“Entonces Judá dijo a sus hermanos: ¿Qué provecho hay que matemos a nuestro hermano y encubramos su muerte? Venid, y vendámosle a los ismaelitas, y no sea nuestra mano sobre él; porque él es nuestro hermano, nuestra propia carne. Y sus hermanos convinieron con él” Gén 37:26-27.
El odio y la envidia es una manifestación de lo que alberga nuestro corazón. Pablo en su disertación a los Gálatas, expresó como era el corazón del hombre.
A toda alma se le dio que librarse la lucha de la fe. Y si uno no es guiado por esa fe, el resultado de su caminar por esta tierra terminará siendo un caos.
La envidia es una mala compañera de viaje. Los hermanos de José eran por naturaleza envidiosos, crueles, y estaban dispuesto a hacer todo lo que fuera para satisfacer su propio egoísmo.

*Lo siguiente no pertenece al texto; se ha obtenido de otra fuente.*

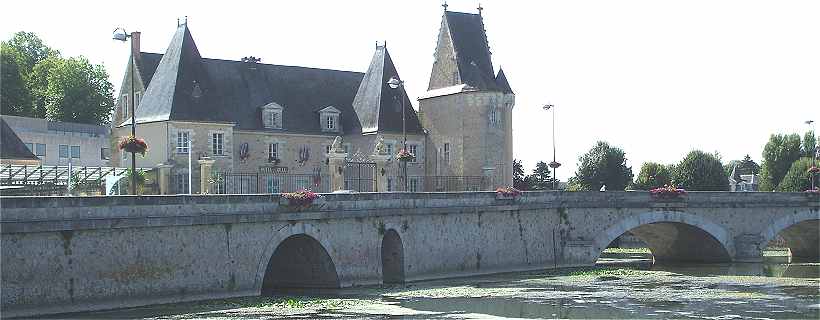 La Flche : Chteau des Carmes et Mairie au-dessus du Loir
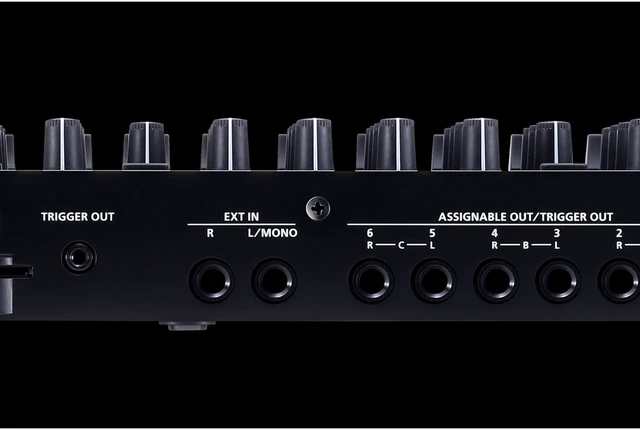Alt view image 3 of 20 - Roland Performance TR-8S Drum Machine Electronic Sequencer Rhythm Performer Kit
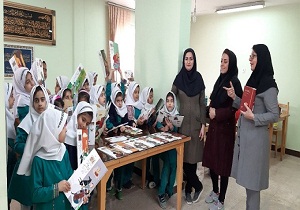 آشنایی دانش آموزان با شاهنامه فردوسی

Es un reflejo de los hijos de Dios no convertidos. Si uno es seguidor de Cristo, no puede ser áspero en su trato con los de más.

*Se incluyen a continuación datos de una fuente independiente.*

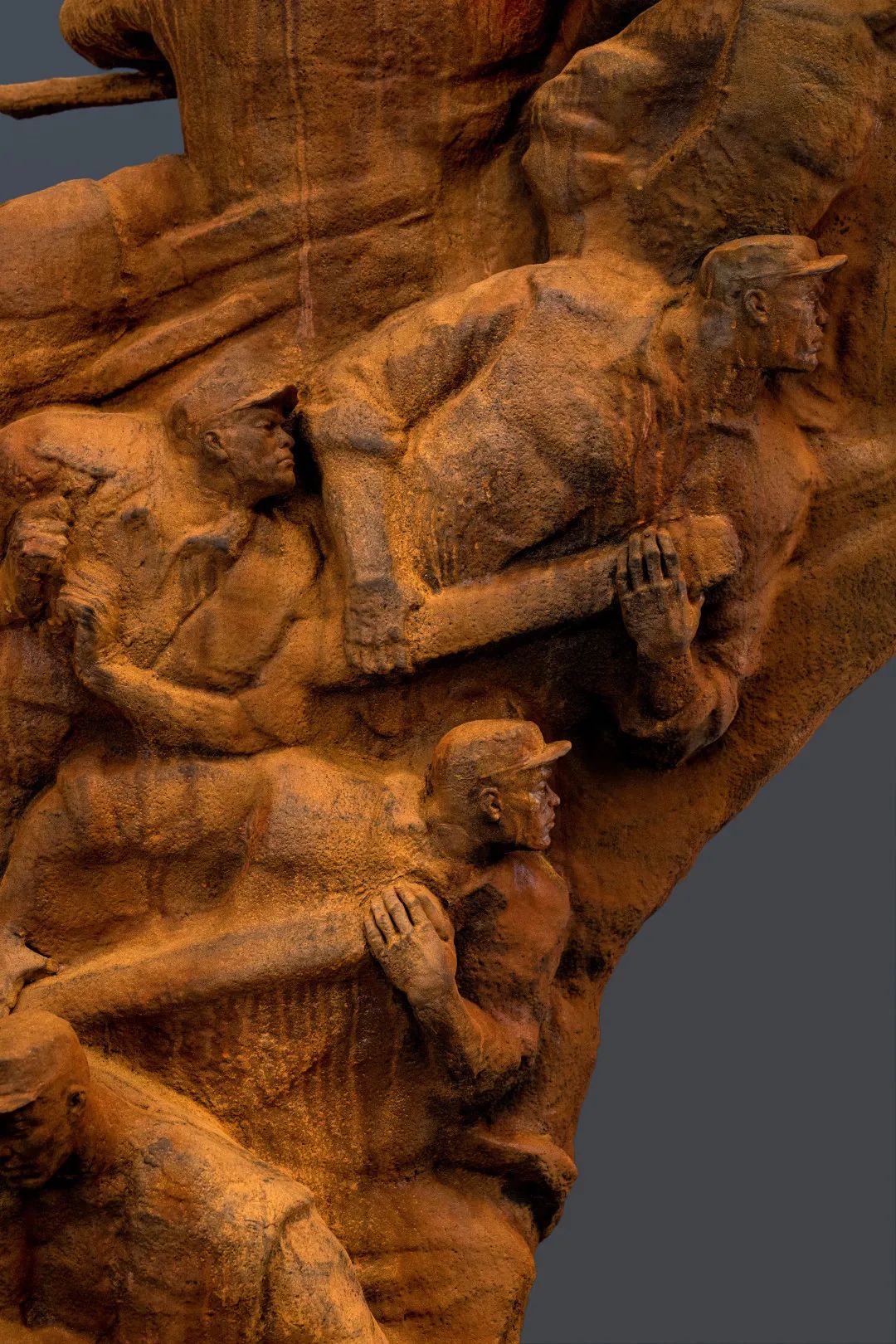 广美最硬核的毕设！用1400斤钢筋铸雕塑致敬建筑工人父亲……(图19)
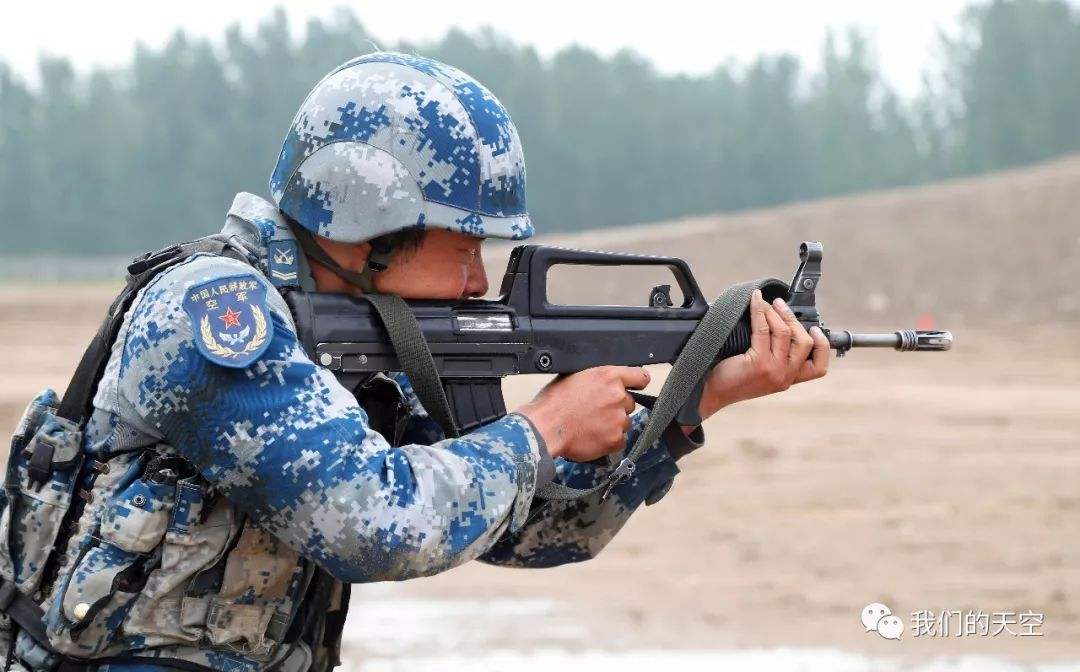 贵州恒丰队员争分夺秒，为荣誉拼尽全力的简单介绍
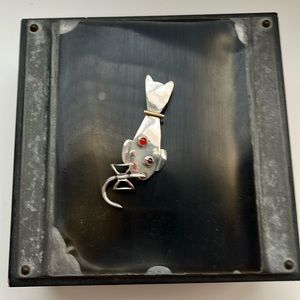Vintage Silver cat brooch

En el culto vespertino que hacemos mi amada esposa y un servidor, comentamos este hecho, y vimos que el pueblo de Dios es tibio, yo diría que esta bocio de contenido espiritual en el hombre.
Al igual que estaban los hermanos de José. Sólo había odio y envidia. Estos hombres eran duros de corazón, desprovisto de simpatía, y de amor.
Los hermanos pensaron que José había hecho poco por la familia, y no veían razón alguna de ser su heredero. Todos sus esfuerzo y toda riqueza que habían conseguido.
Su remordimiento por tanto años, no cambió su manera de pensar hasta que se enfrentaron ante José en Egipto. José aprendió en pocos días, lo que tardaría años en aprender.
En él se había fomentado rasgos de carácter que ahora debía corregir. José estaba empezando a confiar en si mismo y a ser exigente en sus actos.
Este ejemplo de José debería ser una advertencia para los hijos de Dios. Hemos sido mimados por un mundo materialista y egoísta, nos creemos con suficiencia propia para hacer lo que queramos con nuestra vida.
Nuestra vida ha sido un constante “yo” pero gracias a Jesucristo, hemos contemplado nuestra difidencia.
Cierto es: “que soltamos demasiado pronto el brazo del Señor” Y yo soy el primero, no tenemos esa confianza en nuestro Dios.
Una cosa hizo José, asedio el trono con peticiones durante el viaje a Egipto, y estando allí siguió asediando ante el trono celestial sus peticiones. José entendió que las peticiones eran seguras.
No dudemos de las promesas de Dios, acordémonos del profeta Elías, que estaba sujeto a las mismas pasiones que nosotros y oraba fervientemente.
Su fe soportó la prueba. No dudemos de las promesas de Dios, nuestra fe debe de estar segura en Cristo.
Debemos de tomar el escudo de la fe que guarda nuestros corazones, y nos cuida de los dardos del enemigo. “Yo me pongo el primero, y vosotros hacer lo mismo. Cristo es nuestro escudo Efesios 6:1.